[Engineering Feature]
Automotive Infotainment: Get The Show On The Road
No longer just a niche market, the surging consumer appetite for more electronics gadgetry and services in the car has automakers and their IC suppliers scrambling to keep pace.
These days, drivers and passengers want—and tend to expect—all of the technological comforts of home out on the road. But consumer demand for traditional in-vehicle infotainment systems like CD players is giving way to products that support downloadable content. Nowadays, cars better be compatible with cell phones, MP3 players, GPS devices, and other portable media platforms.
PORTABLE AND WIRELESS CONNECTIVITY The latest automotive hard-disk drives (HDDs) now offer 40 Gbytes or more, purely to store multimedia information. Toshiba, for one, provides automotive-grade 2.5-in. HDDs in capacities up to 40 Gbytes—perfect for tunes and movies alike.
Yet all of this data requires a powerful and flexible database management system (DBMS). With Hitachi's small-footprint Entier, converged and mobile device application developers can efficiently include sophisticated search functionality in their products. Designed with the limitations of small devices in mind, it features complex text, incremental, conceptual, and spatial searching, as well as alias handling.
Last year, Chrysler launched a new option on select 2007 vehicles, the MyGIG hard-drive navigation system, joining similar systems from Mitsubishi and Lexus (Fig. 1). Unlike DVDs and CDs, hard-drive navigation systems provide faster navigation recalculation and better graphics and interfaces. Being an HDD, MyGIG also makes it possible to store and play audio files from the hard drive. It's like having a permanent iPod in your car.
TomTom and Johnson Controls last year collaborated on a mobile Bluetooth device gateway targeting production 2008 cars (Fig. 2). The unit enables an electronic device, such as a TomTom satellite navigation system, to communicate with a car's network for innovative and safe navigation. Through Johnson Controls' voice-recognition technology, users can verbally command the TomTom GO device for even greater ease of use. Consumers will also experience several intuitive features, such as automatic notification that fuel is low and directions to the nearest gas station.
This year, STMicroelectronics announced a broadcasting chip set for the Sirius Satellite Radio Backseat TV Service. The system delivers live TV from family TV networks to the video screens of select vehicles.
MAJOR MARKET Coupled with the multitude of networking protocol choices, these developments are forcing car makers, tier one suppliers, and IC manufacturers to rethink the way they deliver automotive infotainment products and services to their customers.
So, what's the main challenge faced by designers? They must find ways to create consumer-electronics devices with very short life cycles that are compatible with the much longer life cycles of automobiles. Needless to say, the companies involved are more than happy to cash in on a very lucrative market.
According to market analyst iSuppli Corp., worldwide vehicle production will reach 82 million in 2012 while the total market for automotive infotainment ICs will grow from $36 billion in 2006 to $54 billion in 2012 (Fig. 3). Shipments of portable navigation devices alone will triple from roughly 14 million units this year to about 42 million units by 2012 (Fig. 4).
Underlying all of this prognostication is a variety of global interconnect and communications protocols for handling infotainment as well as embedded controls. This includes wired connectivity as well as a burgeoning need for wireless connectivity using Bluetooth and USB protocols.

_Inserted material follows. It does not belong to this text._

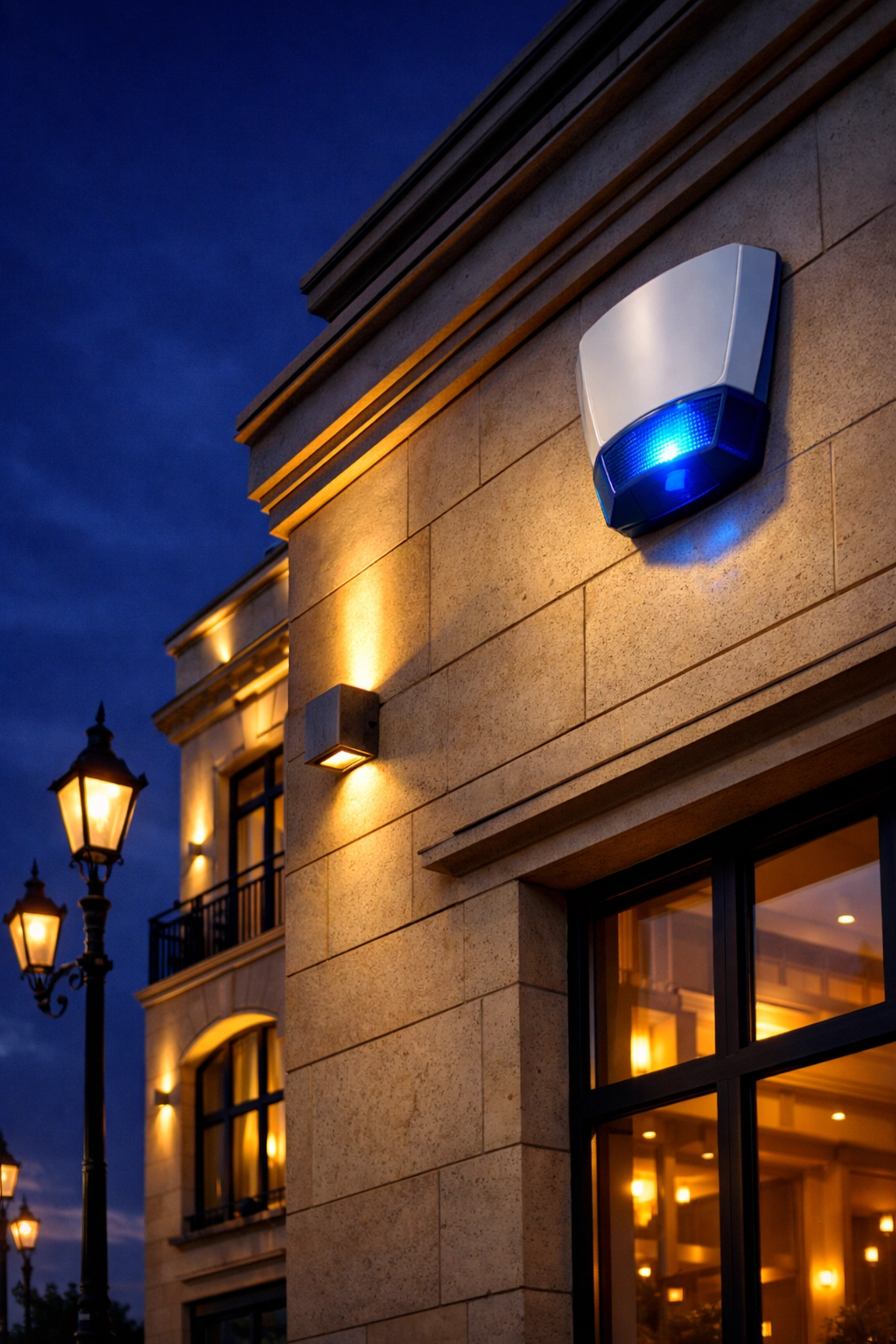 External security alarm siren box on a Torquay commercial building providing robust business protection.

Two major consortia, AutoSar (Automatic Open Source Architecture) and Jaspar (Japan Automotive Software Platform Architecture), are driving networking protocols. Both groups have the same goals: to drive down software-development costs, improve software reliability, and make automotive electronics much more affordable. In fact, AutoSar's architecture addresses many of the existing automotive networking protocols (see "A Plethora Of Automotive Networking Protocols" at www.electronicdesign.com, Drill Deeper 16157).
PLATFORMS AND COLLABORATIONS Satisfying different networking protocols represents a huge challenge for automotive IC makers. Predicting which type of protocol will require what kind of silicon function is difficult at best, since consumer demands for infotainment features change so rapidly. Furthermore, the life cycles of cars are much longer than the life cycles of the chips going into them.
One solution is to produce platform ICs that support many if not all of these protocols. Another approach involves collaboration with other IC manufacturers, tier 1 suppliers, and automotive manufacturers early on in the design cycle.